Se in un primo momento, il tanto discusso Jobs Act sembrava dare risultati positivi, non è così nel secondo trimestre del 2016, i cui dati sono altalenanti e fanno riflettere. Si parla di un calo di assunzioni a tempo indeterminato (ben del 29%) a fronte di un aumento dell’apprendistato (il 26% in più). In aumento pure i licenziamenti, che raggiungono la percentuale del 7,4% anche a causa della cessazione di molti contratti a tempo determinato (circa un milione e mezzo) non rinnovati.
Il quadro generale, mostrato dallo stesso ministero del Lavoro, mostra un calo di assunzioni e un aumento dei licenziamenti, aspetto che non fa certo ben sperare per la ripresa economica, tanto decantata. Nel secondo trimestre del 2016, il bilancio tra assunzioni e licenziamenti, pare rimanere attivo perché sono stati circa 2,45 milioni i contratti attivati, contro le 2,19 milioni di cessazioni (ben 15.264 in più dello stesso trimestre del 2015), molte delle quali derivate dallo scadere di contratti a tempo determinato. Bisogna però considerare che le cessazioni dei contratti incoraggiate del datore di lavoro, sono aumentate dell’8,1%, insieme all’aumento del 7,4% dei licenziamenti, mentre le dimissioni richieste dal lavoratore sono calate del 24,9%, così come le richieste di pensionamento (meno 41,4%). Insomma, chi ha un lavoro, che gli piaccia o meno, cerca di tenerselo stretto.

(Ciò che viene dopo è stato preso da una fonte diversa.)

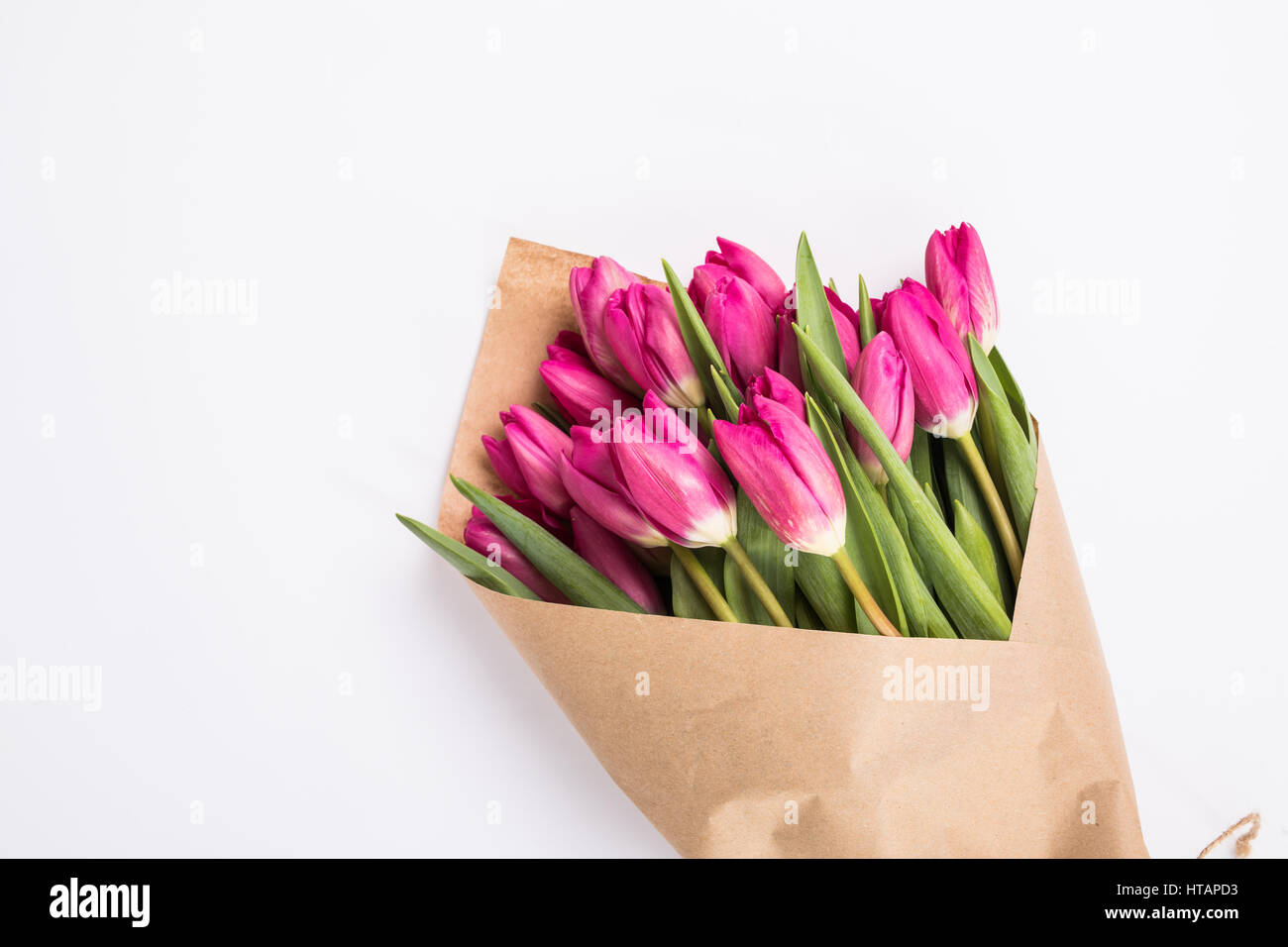 Pink tulips in a package of craft on the wooden background. Pink tulip. Tulips. Flowers. Flower background. Flowers photo concept. Holidays photo conc Stock Photo
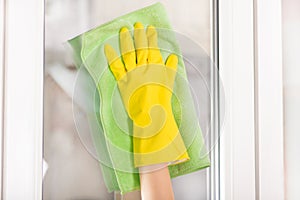 Girl cleaning window at home with green rag and yellow protective glove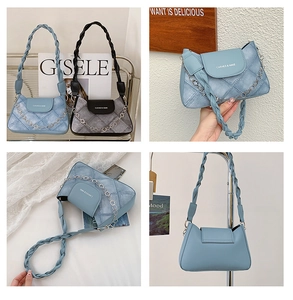 Detail view of quilted shoulder bag featuring woven handles and floral chain accents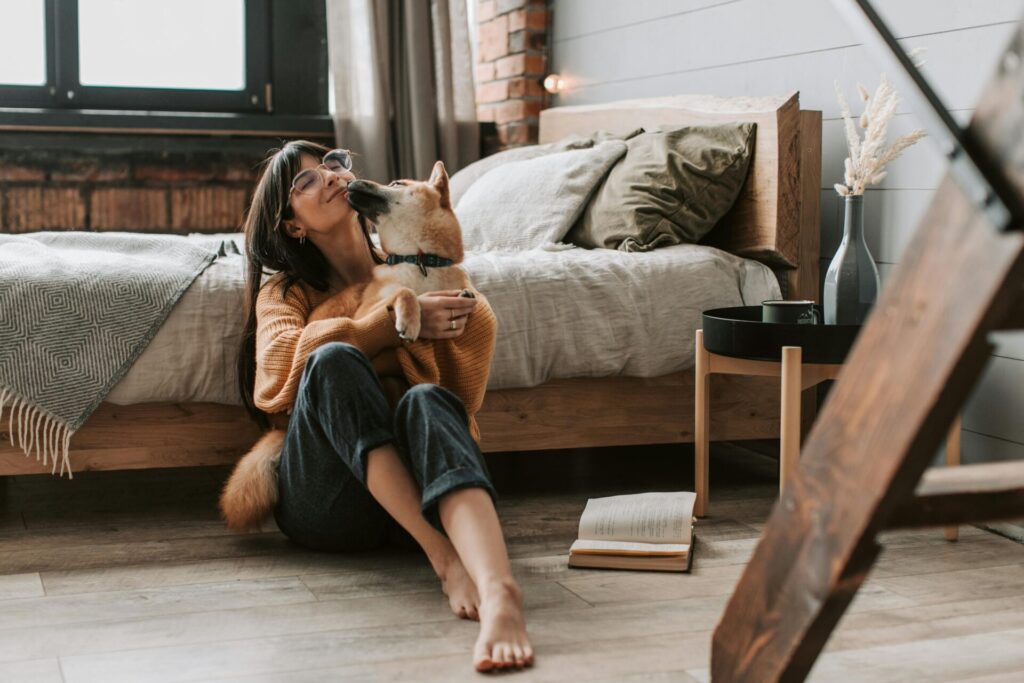 Image of a smiling woman in glasses hugs and plays with her dog while sitting on the floor beside her bed.
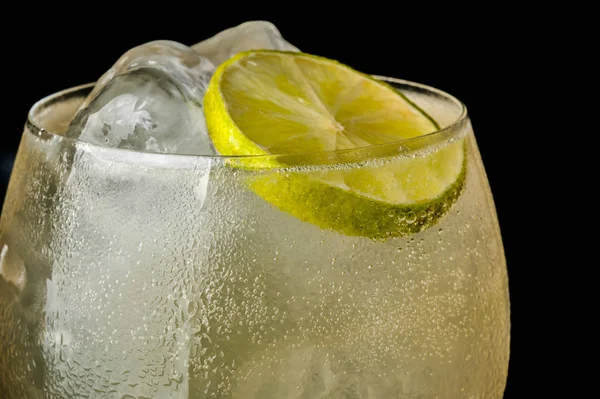 bir barmen bir yaz buz ve kireç kokteyl yapar. Makro, siyah arka plan, el, sarı, damla cam, bubbles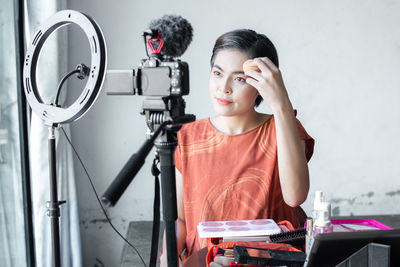 Portrait of young woman using mobile phone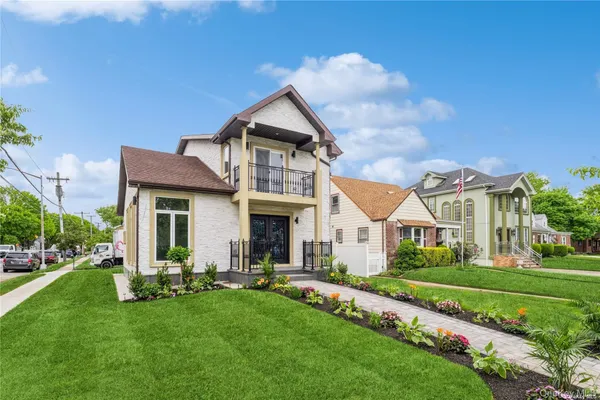 a front view of a house with a yard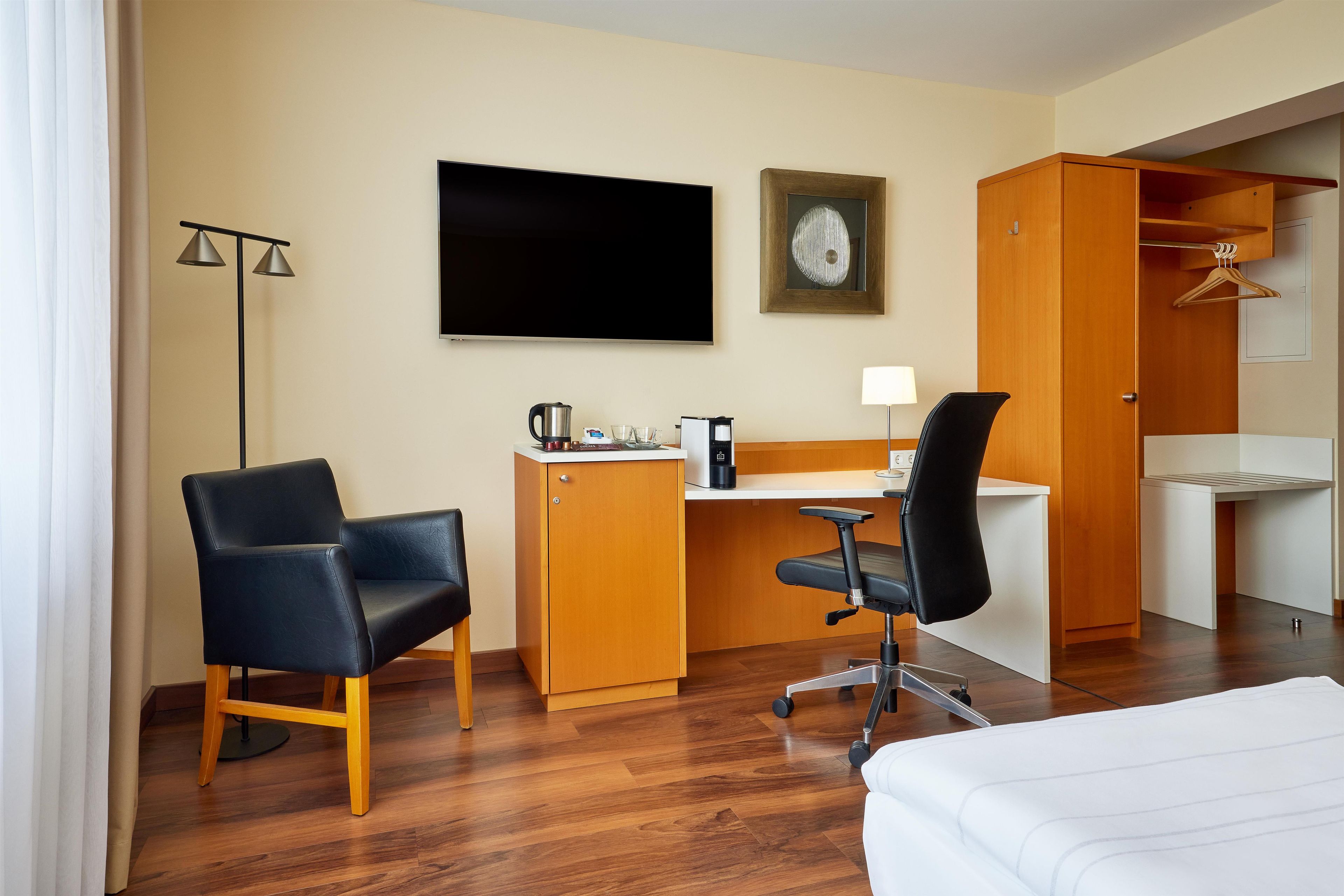 A hotel room with a bed, a desk with a chair, a television, a wardrobe, and a floor lamp.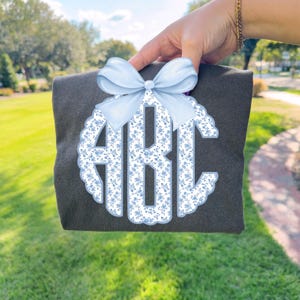 May include: A dark gray shirt with a light blue floral monogram and a matching bow. The monogram features the letters "ABC" in a decorative font, surrounded by a scalloped edge.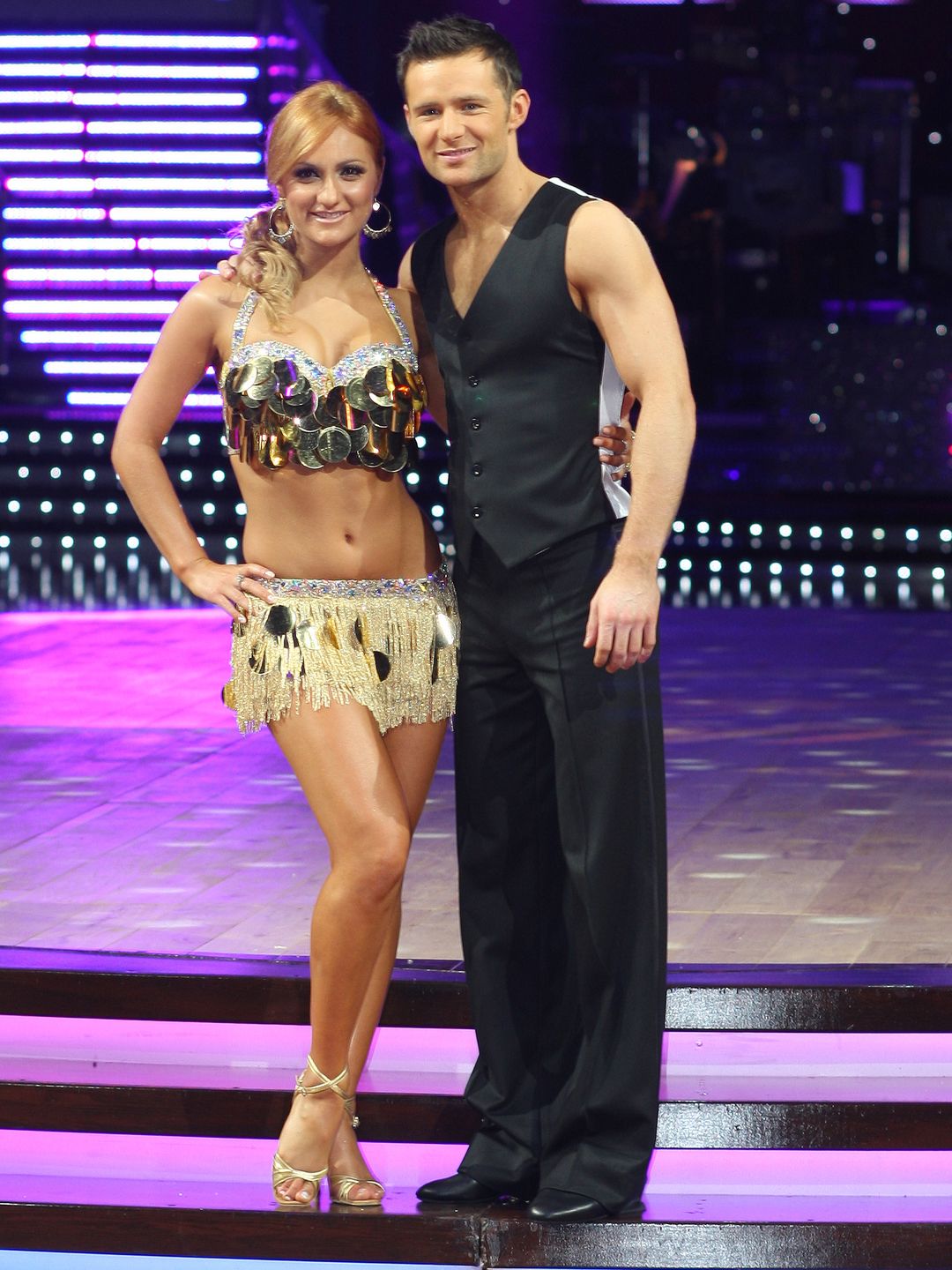 Aliona Vilani standing with Harry Judd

Secondo il ministero, il calo di nuove assunzioni deriva anche dallo stabilizzarsi dei contratti esistenti.
Dell’aumento dei contratti di apprendistato, invece, si può dar parte del merito al Jobs Act, ma soprattutto al progetto Garanzia Giovani, che sta avendo un riscontro positivo nel far entrare i ragazzi nel mondo del lavoro.
Più critici sono i commenti dei sindacati. Il segretario Gigi Petteni della Cisl ipotizzava “una riduzione del lavoro stabile, con il taglio dell’incentivo e la crescita del Pil tornata a zero, anche se non di questa entità.” E spera in “una svolta espansiva nelle scelte europee” quando al “puntare al massimo sul potenziamento dei consumi interni” a livello di politica economica nazionale.
Guglielmo Loy della Uil è preoccupato, ammettendo che “questi dati purtroppo fotografano una situazione critica del nostro mercato del lavoro, sia sul versante delle imprese che, inevitabilmente, dell’occupazione, che continua a navigare in acque non buone. In attesa che si mettano in atto politiche economiche, industriali e fiscali di crescita, occorre ancora dare ossigeno all’unico strumento di tutela per imprese e lavoratori, la cassa integrazione, rendendola più flessibile nella durata”.